Task item:
Copy every record that appears below, exactly as it stands.

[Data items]
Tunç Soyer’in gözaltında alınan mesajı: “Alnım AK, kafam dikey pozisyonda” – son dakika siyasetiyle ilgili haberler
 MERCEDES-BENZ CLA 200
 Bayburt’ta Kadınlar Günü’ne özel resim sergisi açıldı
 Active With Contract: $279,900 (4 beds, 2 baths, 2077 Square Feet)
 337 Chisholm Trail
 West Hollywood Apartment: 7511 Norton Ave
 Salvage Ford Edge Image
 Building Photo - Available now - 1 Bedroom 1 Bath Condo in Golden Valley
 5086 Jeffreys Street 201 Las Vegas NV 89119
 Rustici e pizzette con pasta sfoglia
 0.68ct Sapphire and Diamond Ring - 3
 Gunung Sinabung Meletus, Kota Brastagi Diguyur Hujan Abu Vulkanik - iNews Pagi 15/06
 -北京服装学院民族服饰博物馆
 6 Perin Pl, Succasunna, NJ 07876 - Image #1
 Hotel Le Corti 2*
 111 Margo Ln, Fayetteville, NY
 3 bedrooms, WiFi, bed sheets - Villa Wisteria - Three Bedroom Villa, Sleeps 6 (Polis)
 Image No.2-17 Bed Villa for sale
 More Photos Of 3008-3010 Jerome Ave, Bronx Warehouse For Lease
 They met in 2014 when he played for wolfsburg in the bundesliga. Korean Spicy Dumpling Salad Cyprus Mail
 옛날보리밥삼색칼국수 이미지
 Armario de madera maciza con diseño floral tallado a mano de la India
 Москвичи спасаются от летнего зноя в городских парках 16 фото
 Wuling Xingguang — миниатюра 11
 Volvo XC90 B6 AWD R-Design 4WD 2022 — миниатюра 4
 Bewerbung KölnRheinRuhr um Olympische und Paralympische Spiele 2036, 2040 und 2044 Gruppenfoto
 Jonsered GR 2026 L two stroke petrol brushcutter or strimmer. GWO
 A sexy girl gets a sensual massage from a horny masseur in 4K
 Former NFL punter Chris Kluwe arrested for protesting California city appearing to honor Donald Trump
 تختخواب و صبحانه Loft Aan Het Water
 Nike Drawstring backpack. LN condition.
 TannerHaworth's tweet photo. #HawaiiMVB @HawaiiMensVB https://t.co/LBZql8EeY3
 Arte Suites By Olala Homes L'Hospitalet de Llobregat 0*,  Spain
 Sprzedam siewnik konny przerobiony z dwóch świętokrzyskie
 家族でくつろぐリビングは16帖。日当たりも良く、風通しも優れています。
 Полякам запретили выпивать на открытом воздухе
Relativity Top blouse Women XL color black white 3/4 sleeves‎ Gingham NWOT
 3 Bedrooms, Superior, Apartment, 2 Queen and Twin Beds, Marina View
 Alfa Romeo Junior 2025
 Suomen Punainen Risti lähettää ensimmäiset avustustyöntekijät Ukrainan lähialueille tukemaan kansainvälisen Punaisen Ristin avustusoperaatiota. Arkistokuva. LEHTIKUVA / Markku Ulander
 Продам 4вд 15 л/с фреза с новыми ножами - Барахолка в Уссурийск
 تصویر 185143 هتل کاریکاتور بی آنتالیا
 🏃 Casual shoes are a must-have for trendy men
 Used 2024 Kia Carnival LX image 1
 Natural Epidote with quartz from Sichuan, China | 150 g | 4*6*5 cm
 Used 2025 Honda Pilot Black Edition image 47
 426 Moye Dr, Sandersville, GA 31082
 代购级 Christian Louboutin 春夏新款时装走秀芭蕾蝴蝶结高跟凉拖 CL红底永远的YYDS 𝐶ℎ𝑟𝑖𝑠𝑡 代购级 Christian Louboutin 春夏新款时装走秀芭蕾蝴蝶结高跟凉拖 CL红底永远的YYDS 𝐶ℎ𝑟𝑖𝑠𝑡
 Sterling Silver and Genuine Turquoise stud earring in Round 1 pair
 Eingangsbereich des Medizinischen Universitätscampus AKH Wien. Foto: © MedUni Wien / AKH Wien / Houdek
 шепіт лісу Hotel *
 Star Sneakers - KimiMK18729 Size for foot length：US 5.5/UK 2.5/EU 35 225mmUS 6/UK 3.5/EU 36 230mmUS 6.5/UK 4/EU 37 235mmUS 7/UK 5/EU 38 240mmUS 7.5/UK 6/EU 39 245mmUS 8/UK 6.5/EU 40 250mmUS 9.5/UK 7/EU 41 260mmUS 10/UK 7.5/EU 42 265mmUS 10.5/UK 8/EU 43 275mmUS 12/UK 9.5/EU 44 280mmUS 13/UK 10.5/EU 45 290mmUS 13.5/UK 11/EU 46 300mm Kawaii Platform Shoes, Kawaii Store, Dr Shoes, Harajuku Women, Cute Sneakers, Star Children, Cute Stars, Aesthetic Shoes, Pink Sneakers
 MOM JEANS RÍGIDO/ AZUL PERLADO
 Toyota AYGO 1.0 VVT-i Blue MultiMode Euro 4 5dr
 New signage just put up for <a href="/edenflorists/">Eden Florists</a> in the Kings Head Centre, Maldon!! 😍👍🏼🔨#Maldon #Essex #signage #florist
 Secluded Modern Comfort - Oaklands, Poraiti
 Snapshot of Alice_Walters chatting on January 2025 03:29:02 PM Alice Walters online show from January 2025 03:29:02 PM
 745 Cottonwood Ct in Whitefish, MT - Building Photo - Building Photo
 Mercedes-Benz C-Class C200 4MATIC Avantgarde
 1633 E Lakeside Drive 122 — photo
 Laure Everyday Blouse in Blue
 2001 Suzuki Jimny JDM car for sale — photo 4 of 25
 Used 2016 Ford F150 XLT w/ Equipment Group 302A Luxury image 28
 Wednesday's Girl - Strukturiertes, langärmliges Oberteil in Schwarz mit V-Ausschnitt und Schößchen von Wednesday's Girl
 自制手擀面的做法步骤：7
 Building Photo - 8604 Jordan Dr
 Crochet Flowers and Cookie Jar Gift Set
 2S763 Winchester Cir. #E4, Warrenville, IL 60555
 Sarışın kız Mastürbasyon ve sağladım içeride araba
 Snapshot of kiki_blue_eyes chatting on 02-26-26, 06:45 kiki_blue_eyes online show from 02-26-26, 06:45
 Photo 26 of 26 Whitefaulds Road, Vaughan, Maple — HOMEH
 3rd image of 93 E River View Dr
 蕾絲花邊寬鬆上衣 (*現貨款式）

Your solution:
Tunç Soyer’in gözaltında alınan mesajı: “Alnım AK, kafam dikey pozisyonda” – son dakika siyasetiyle ilgili haberler
 MERCEDES-BENZ CLA 200
 Bayburt’ta Kadınlar Günü’ne özel resim sergisi açıldı
 Active With Contract: $279,900 (4 beds, 2 baths, 2077 Square Feet)
 337 Chisholm Trail
 West Hollywood Apartment: 7511 Norton Ave
 Salvage Ford Edge Image
 Building Photo - Available now - 1 Bedroom 1 Bath Condo in Golden Valley
 5086 Jeffreys Street 201 Las Vegas NV 89119
 Rustici e pizzette con pasta sfoglia
 0.68ct Sapphire and Diamond Ring - 3
 Gunung Sinabung Meletus, Kota Brastagi Diguyur Hujan Abu Vulkanik - iNews Pagi 15/06
 -北京服装学院民族服饰博物馆
 6 Perin Pl, Succasunna, NJ 07876 - Image #1
 Hotel Le Corti 2*
 111 Margo Ln, Fayetteville, NY
 3 bedrooms, WiFi, bed sheets - Villa Wisteria - Three Bedroom Villa, Sleeps 6 (Polis)
 Image No.2-17 Bed Villa for sale
 More Photos Of 3008-3010 Jerome Ave, Bronx Warehouse For Lease
 They met in 2014 when he played for wolfsburg in the bundesliga. Korean Spicy Dumpling Salad Cyprus Mail
 옛날보리밥삼색칼국수 이미지
 Armario de madera maciza con diseño floral tallado a mano de la India
 Москвичи спасаются от летнего зноя в городских парках 16 фото
 Wuling Xingguang — миниатюра 11
 Volvo XC90 B6 AWD R-Design 4WD 2022 — миниатюра 4
 Bewerbung KölnRheinRuhr um Olympische und Paralympische Spiele 2036, 2040 und 2044 Gruppenfoto
 Jonsered GR 2026 L two stroke petrol brushcutter or strimmer. GWO
 A sexy girl gets a sensual massage from a horny masseur in 4K
 Former NFL punter Chris Kluwe arrested for protesting California city appearing to honor Donald Trump
 تختخواب و صبحانه Loft Aan Het Water
 Nike Drawstring backpack. LN condition.
 TannerHaworth's tweet photo. #HawaiiMVB @HawaiiMensVB https://t.co/LBZql8EeY3
 Arte Suites By Olala Homes L'Hospitalet de Llobregat 0*,  Spain
 Sprzedam siewnik konny przerobiony z dwóch świętokrzyskie
 家族でくつろぐリビングは16帖。日当たりも良く、風通しも優れています。
 Полякам запретили выпивать на открытом воздухе
Relativity Top blouse Women XL color black white 3/4 sleeves‎ Gingham NWOT
 3 Bedrooms, Superior, Apartment, 2 Queen and Twin Beds, Marina View
 Alfa Romeo Junior 2025
 Suomen Punainen Risti lähettää ensimmäiset avustustyöntekijät Ukrainan lähialueille tukemaan kansainvälisen Punaisen Ristin avustusoperaatiota. Arkistokuva. LEHTIKUVA / Markku Ulander
 Продам 4вд 15 л/с фреза с новыми ножами - Барахолка в Уссурийск
 تصویر 185143 هتل کاریکاتور بی آنتالیا
 🏃 Casual shoes are a must-have for trendy men
 Used 2024 Kia Carnival LX image 1
 Natural Epidote with quartz from Sichuan, China | 150 g | 4*6*5 cm
 Used 2025 Honda Pilot Black Edition image 47
 426 Moye Dr, Sandersville, GA 31082
 代购级 Christian Louboutin 春夏新款时装走秀芭蕾蝴蝶结高跟凉拖 CL红底永远的YYDS 𝐶ℎ𝑟𝑖𝑠𝑡 代购级 Christian Louboutin 春夏新款时装走秀芭蕾蝴蝶结高跟凉拖 CL红底永远的YYDS 𝐶ℎ𝑟𝑖𝑠𝑡
 Sterling Silver and Genuine Turquoise stud earring in Round 1 pair
 Eingangsbereich des Medizinischen Universitätscampus AKH Wien. Foto: © MedUni Wien / AKH Wien / Houdek
 шепіт лісу Hotel *
 Star Sneakers - KimiMK18729 Size for foot length：US 5.5/UK 2.5/EU 35 225mmUS 6/UK 3.5/EU 36 230mmUS 6.5/UK 4/EU 37 235mmUS 7/UK 5/EU 38 240mmUS 7.5/UK 6/EU 39 245mmUS 8/UK 6.5/EU 40 250mmUS 9.5/UK 7/EU 41 260mmUS 10/UK 7.5/EU 42 265mmUS 10.5/UK 8/EU 43 275mmUS 12/UK 9.5/EU 44 280mmUS 13/UK 10.5/EU 45 290mmUS 13.5/UK 11/EU 46 300mm Kawaii Platform Shoes, Kawaii Store, Dr Shoes, Harajuku Women, Cute Sneakers, Star Children, Cute Stars, Aesthetic Shoes, Pink Sneakers
 MOM JEANS RÍGIDO/ AZUL PERLADO
 Toyota AYGO 1.0 VVT-i Blue MultiMode Euro 4 5dr
 New signage just put up for <a href="/edenflorists/">Eden Florists</a> in the Kings Head Centre, Maldon!! 😍👍🏼🔨#Maldon #Essex #signage #florist
 Secluded Modern Comfort - Oaklands, Poraiti
 Snapshot of Alice_Walters chatting on January 2025 03:29:02 PM Alice Walters online show from January 2025 03:29:02 PM
 745 Cottonwood Ct in Whitefish, MT - Building Photo - Building Photo
 Mercedes-Benz C-Class C200 4MATIC Avantgarde
 1633 E Lakeside Drive 122 — photo
 Laure Everyday Blouse in Blue
 2001 Suzuki Jimny JDM car for sale — photo 4 of 25
 Used 2016 Ford F150 XLT w/ Equipment Group 302A Luxury image 28
 Wednesday's Girl - Strukturiertes, langärmliges Oberteil in Schwarz mit V-Ausschnitt und Schößchen von Wednesday's Girl
 自制手擀面的做法步骤：7
 Building Photo - 8604 Jordan Dr
 Crochet Flowers and Cookie Jar Gift Set
 2S763 Winchester Cir. #E4, Warrenville, IL 60555
 Sarışın kız Mastürbasyon ve sağladım içeride araba
 Snapshot of kiki_blue_eyes chatting on 02-26-26, 06:45 kiki_blue_eyes online show from 02-26-26, 06:45
 Photo 26 of 26 Whitefaulds Road, Vaughan, Maple — HOMEH
 3rd image of 93 E River View Dr
 蕾絲花邊寬鬆上衣 (*現貨款式）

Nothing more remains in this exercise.